Improving IO performance on /scratch and /projects
Peregrine uses a parallel file system called "Lustre" for the /scratch and /projects directories. Lustre presents data from multiple storage servers (OSSs) and disks (called targets or OSTs) as a single 'disk'. The Lustre filesystems on Peregrine are set to put one file on one OST by default. For larger files, it can be advantageous to set Lustre to stripe the file across multiple storage servers. The "lfs" command can be used at a file directory level to tell Lustre to stripe across more than one storage server.
lfs setstripe --count 10 <directory>
Will tell Lustre to stripe any new file in <directory> across 10 storage servers.
Files <1 gigabyte are probably best left with a stripe size of one. Files >1 gigabyte could benefit from striping. You can try setting the stripe count to the number of gigabytes you anticipate as a place to start. The example above is a good place to start for a 10 gigabyte file. There is a limit though: /projects has 54 OSTs. /scratch has 108 OSTs.
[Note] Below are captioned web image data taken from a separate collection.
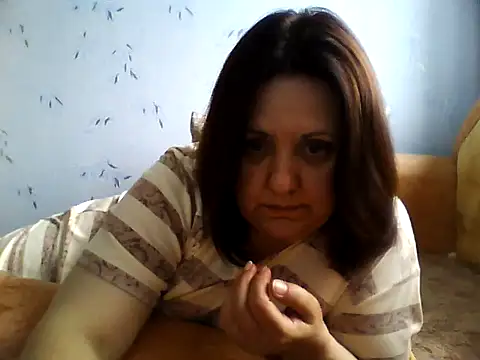 LockyCharm111 online show from June 7, 5:00 am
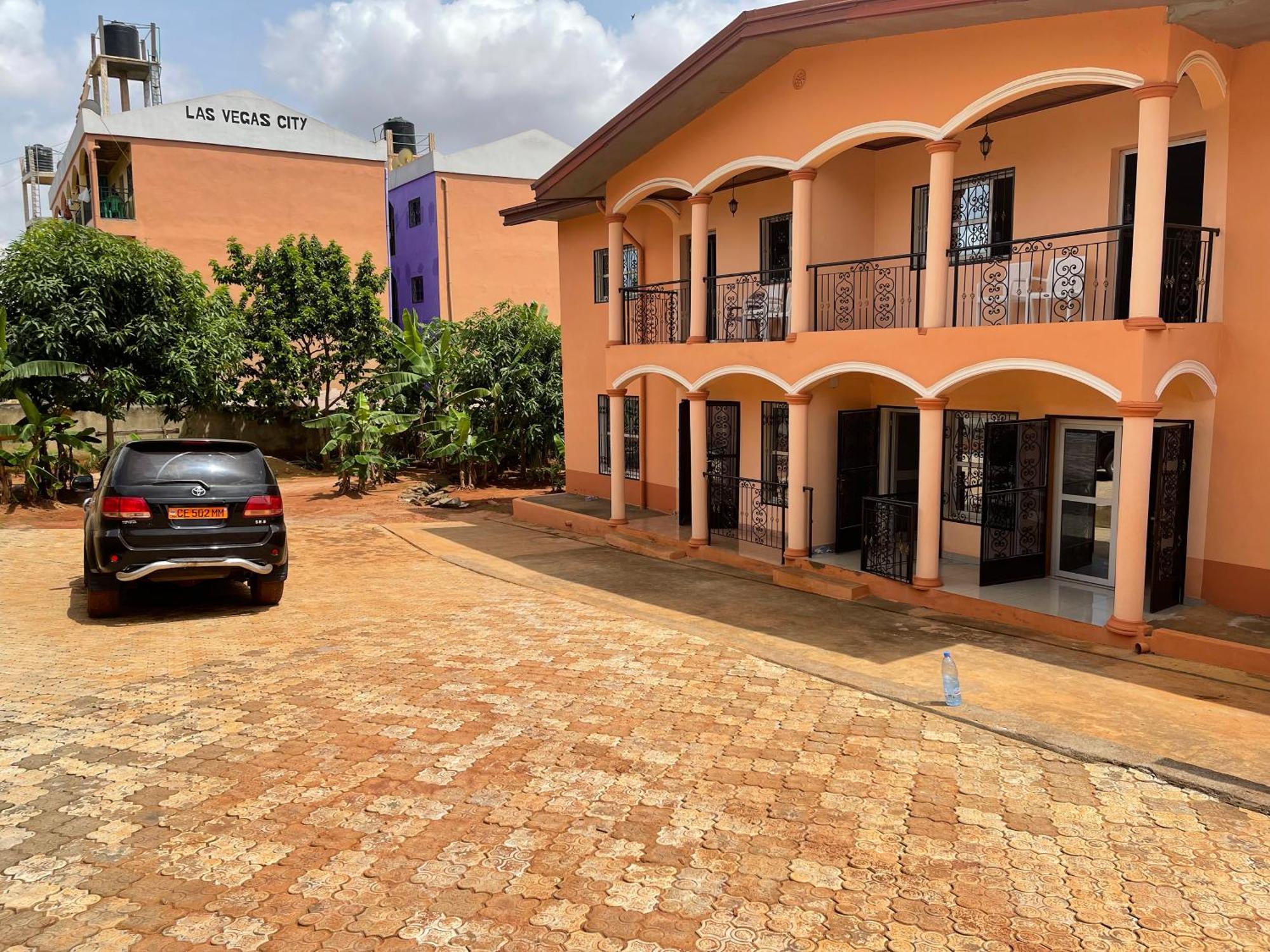Villa Contemporaine Yaoundé Εξωτερικό φωτογραφία
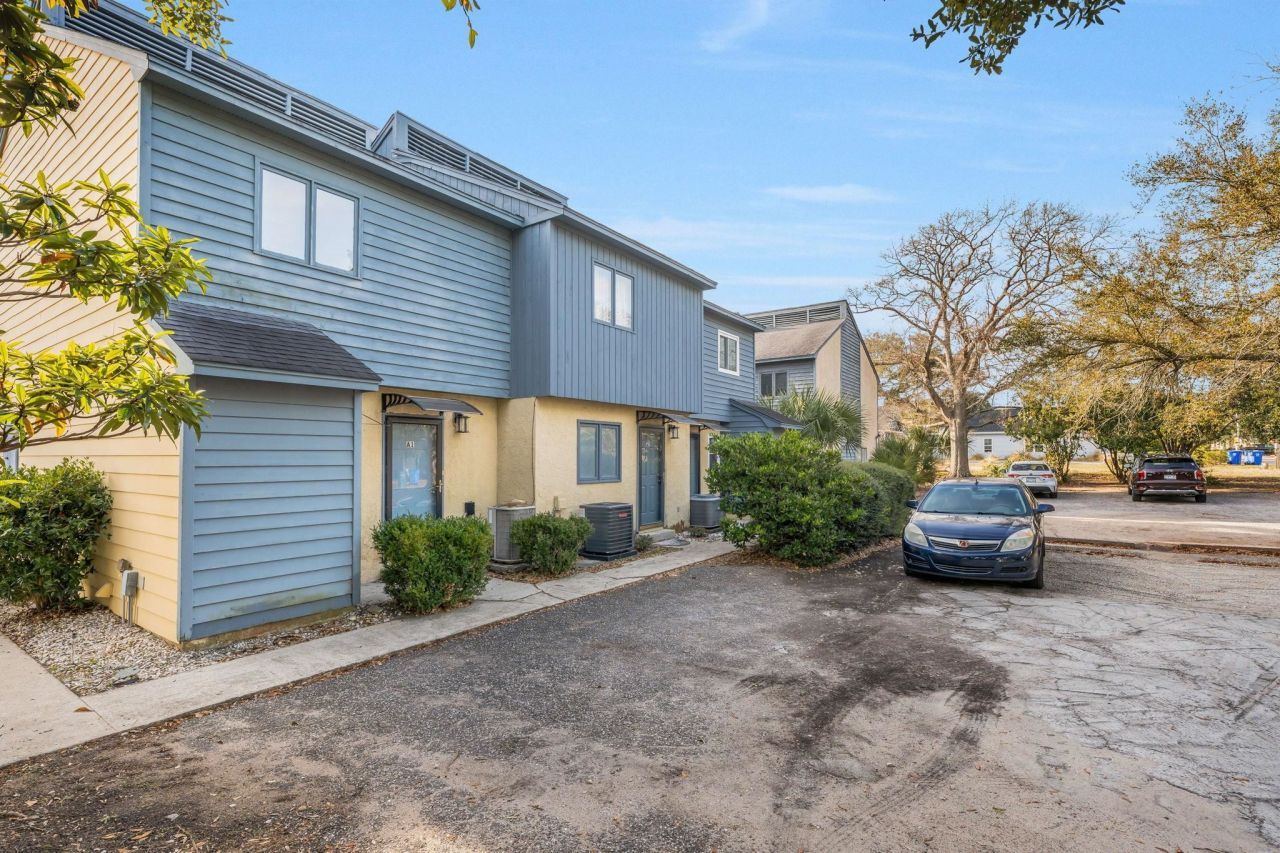 401 10th Ave. S  Photo 45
Here is a link to a page at NERSC which explains this in more detail: https://www.nersc.gov/users/storage-and-file-systems/optimizing-io-performance-for-lustre/
A particular item to note from the NERSC page is:
File striping will primarily improve performance for codes doing serial IO from a single node or parallel IO from multiple nodes writing to a single shared file as with MPI-IO, parallel HDF5 or parallel NetCDF.